§ **What is required**:
Beginning at the line that contains "中华国学传世经典 周易（全八册）未开封" and finishing at the line that contains "This is how REAL MEN fight… Ippo vs Sendo!!", output the data below exactly. Include both end lines and no pictures.

§ **Source records**:
- Opening Delimiter -

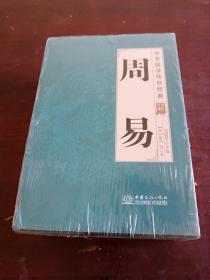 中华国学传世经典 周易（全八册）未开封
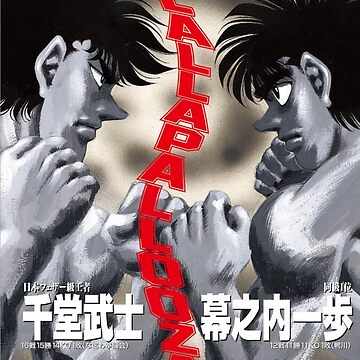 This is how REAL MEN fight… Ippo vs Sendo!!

- Closing Delimiter -
- Opening Delimiter -

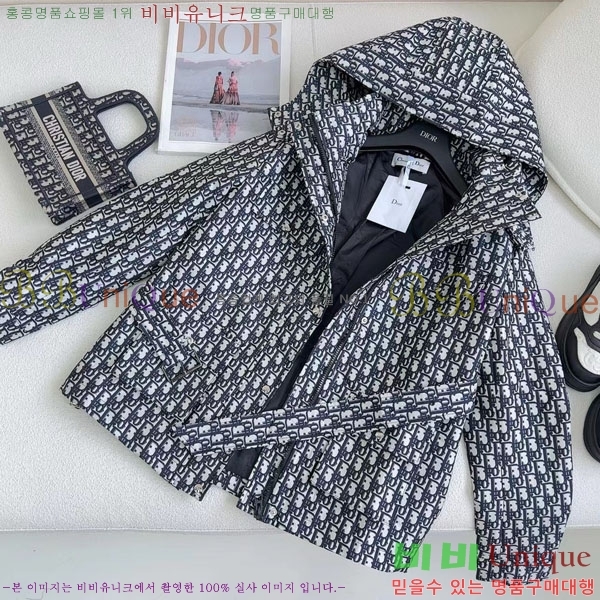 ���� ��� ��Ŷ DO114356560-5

- Closing Delimiter -
- Opening Delimiter -

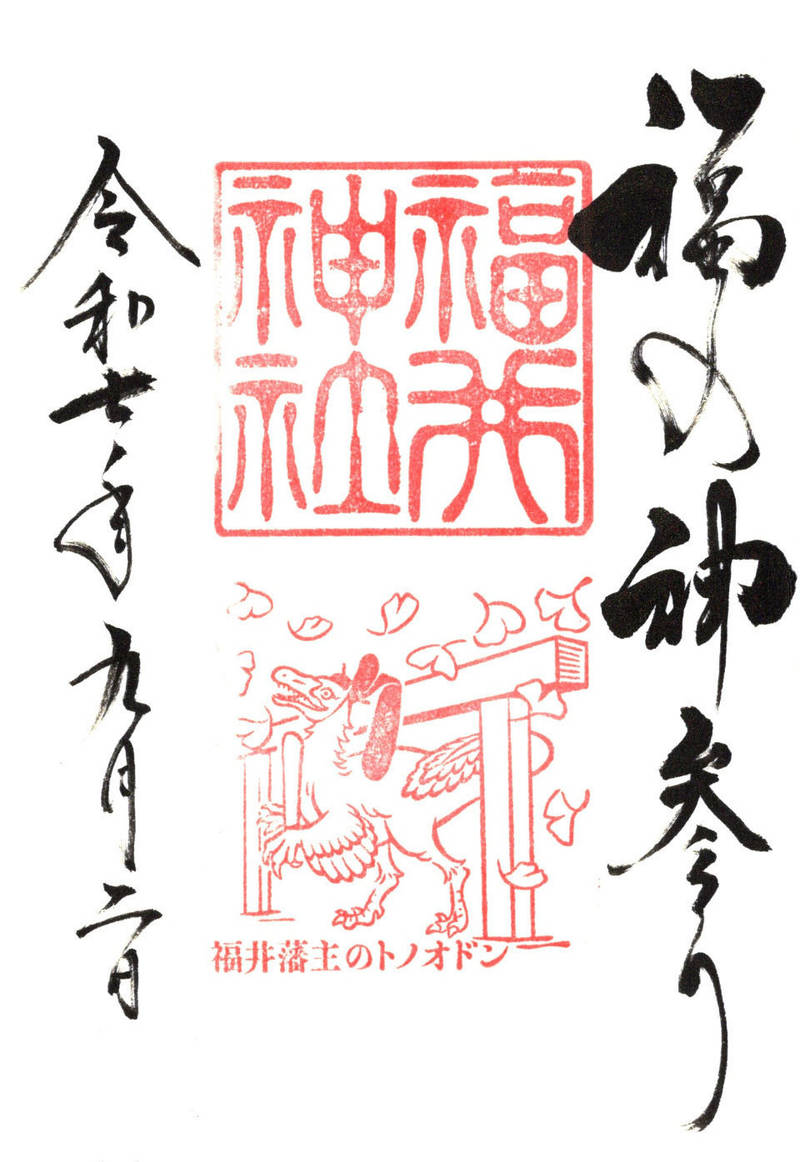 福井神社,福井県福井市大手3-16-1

- Closing Delimiter -

§ **Exercise answer**:
 中华国学传世经典 周易（全八册）未开封
 This is how REAL MEN fight… Ippo vs Sendo!!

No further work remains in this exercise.